We discussed for the the whole 30-min mai-tai meeting today. If I correctly understood what @stellaraccident said, the most significant bit was that we should talk less in terms of directories and more in terms of branches. A git branch allows you to do whatever you want without any extra boilerplate ( / build system / pluggability) as you're effectively working directly in the core code. Then if the experiment is successful, the git branch can be pulled into the main line.
Thanks, Benoit! Just to make sure we are all on the same page... We agreed that branches / downstream forks should be used for cases where further experimentation or data gathering is needed to make a case for the upstream landing. We also mentioned that ukernels that contribute to mainstream targets should live in IREE upstream when they reach the production quality needed. If they are inspired by ukernels in other projects, we should make sure that the license of those projects is compatible with IREE and an attribution note is added, but they should leave upstream.
Regarding Marie's PR, it was pointed out that the ukernel is production ready and should land upstream. If further ukernels are under development, we should follow the branch approach until they reach similar level of production readiness.
Is my understanding correct?
Thanks, Benoit! Just to make sure we are all on the same page... We agreed that branches / downstream forks should be used for cases where further experimentation or data gathering is needed to make a case for the upstream landing. We also mentioned that ukernels that contribute to mainstream targets should live in IREE upstream when they reach the production quality needed. If they are inspired by ukernels in other projects, we should make sure that the license of those projects is compatible with IREE and an attribution note is added, but they should leave upstream.
Regarding Marie's PR, it was pointed out that the ukernel is production ready and should land upstream. If further ukernels are under development, we should follow the branch approach until they reach similar level of production readiness.
Is my understanding correct?
Yes. My main point was more guidance: don't check speculative code into upstream and definitely don't add entire deps to evaluate experiments. Beyond that, the project wants the fastest things in tree for out of the box use on mainline platforms and we are all actively supportive of steps to get there.

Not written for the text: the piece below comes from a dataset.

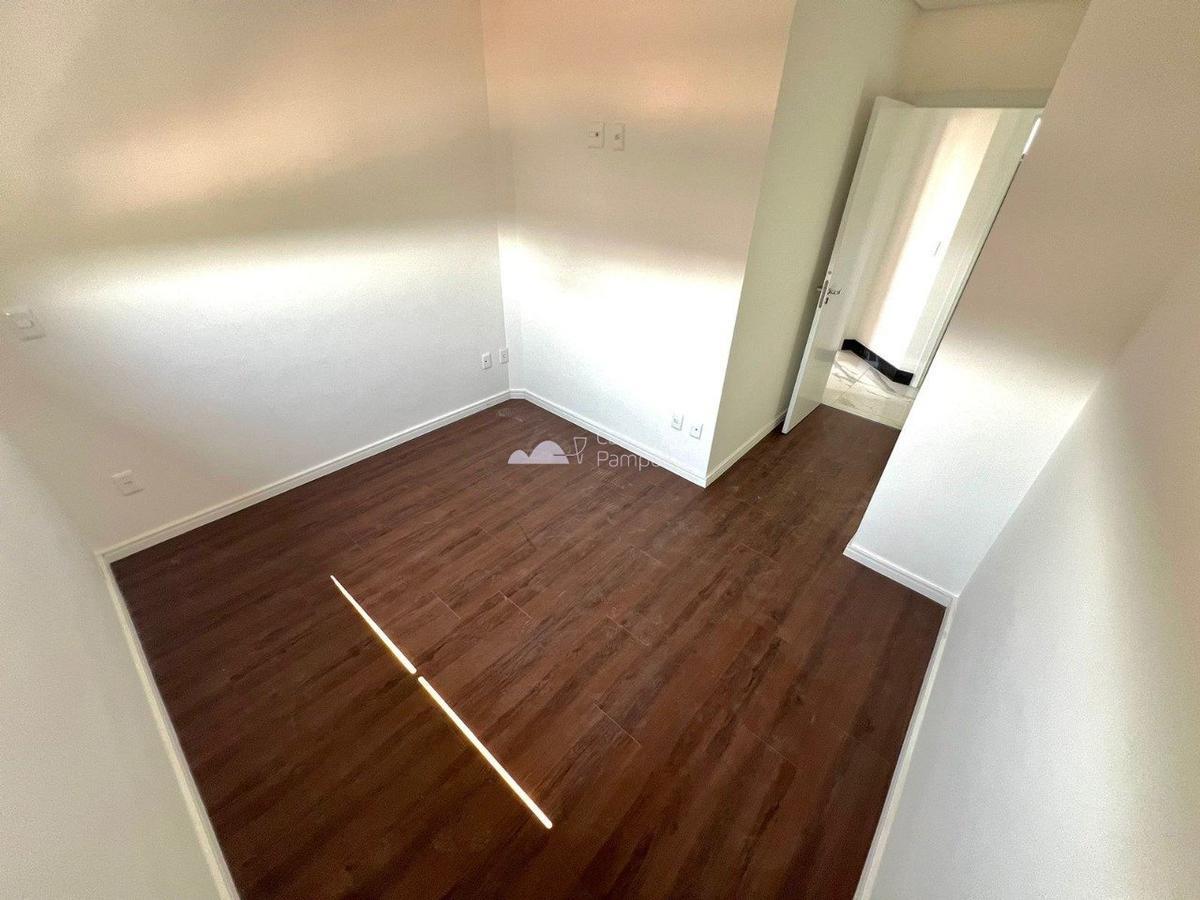 Apartamento, Itapoã, 4 Quartos, 3 Vagas, 1 Suíte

It is fine to do experiments to inform direction of course, but that is what branches are for. It is also fine to go to the trouble of having various experimental or v1 vs v2 directories, but in general we add such things with the assumption that the code is production grade in form but needs iteration and collaboration to finish without disrupting what is there.
I feel like this is a lot of words for just general guidelines on how to make progress. When I sit down to do something, I almost always have a strong hypothesis at the outset of what form the final result will take if successful. If I've got big error bars on that, I do some prototypes and don't check those in (or put them in a side repo, etc). That is doubly true of adding deps or things that impact project structure. You want to make sure that what is being done will persist before investing in expensive mechanincs.

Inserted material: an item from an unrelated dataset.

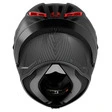 AGV Pista GP RR 2.6 Intrepido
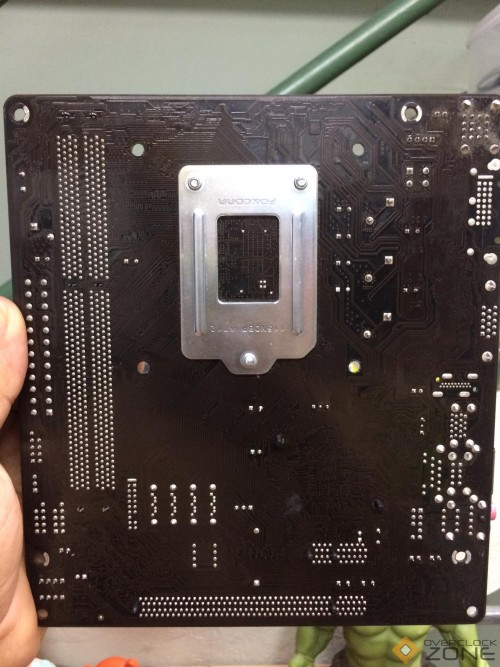 244646116 4321207134671793 1181859173936958093 n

Sometimes we get these things wrong, and that is fine too. In any case, I think a) yes, this PR should land, and b) more/better/faster stuff is good and desirable in tree, but if it requires additional deps or a lot of structural movement, we want to make sure we want to be doing that before going for such consensus.
In spirit of having fastest code paths on by default, we should reconsider turning on microkernel usage for mmt4d on by default. We've kicked that bucket far enough and I don't see any reason for not pushing on making use ukernels for mmt4d the default.
I forget how things fit together and what our default flag state is but we're currently real bad on several metrics (peak memory consumption and utilization) with data tiling/mmt4d - though if data tiling is currently on by default enabling mmt4d ukernels shouldn't make those much worse so it's probably fine and if data tiling is on enabling mmt4d is mostly a win (beyond the current distribution issues that Benoit is going to be looking at). I strongly agree we should push for turning this all on by (both data tiling/mmt4d) default and focusing on clearing the big issues (pack/unpack distribution/propagation/fusion, and how consteval works in a data tiling world). We're close to good here :)
I've filed https://github.com/openxla/iree/issues/16401 to track blockers before we can enable the mmt4d ukernel by default on llvm-cpu.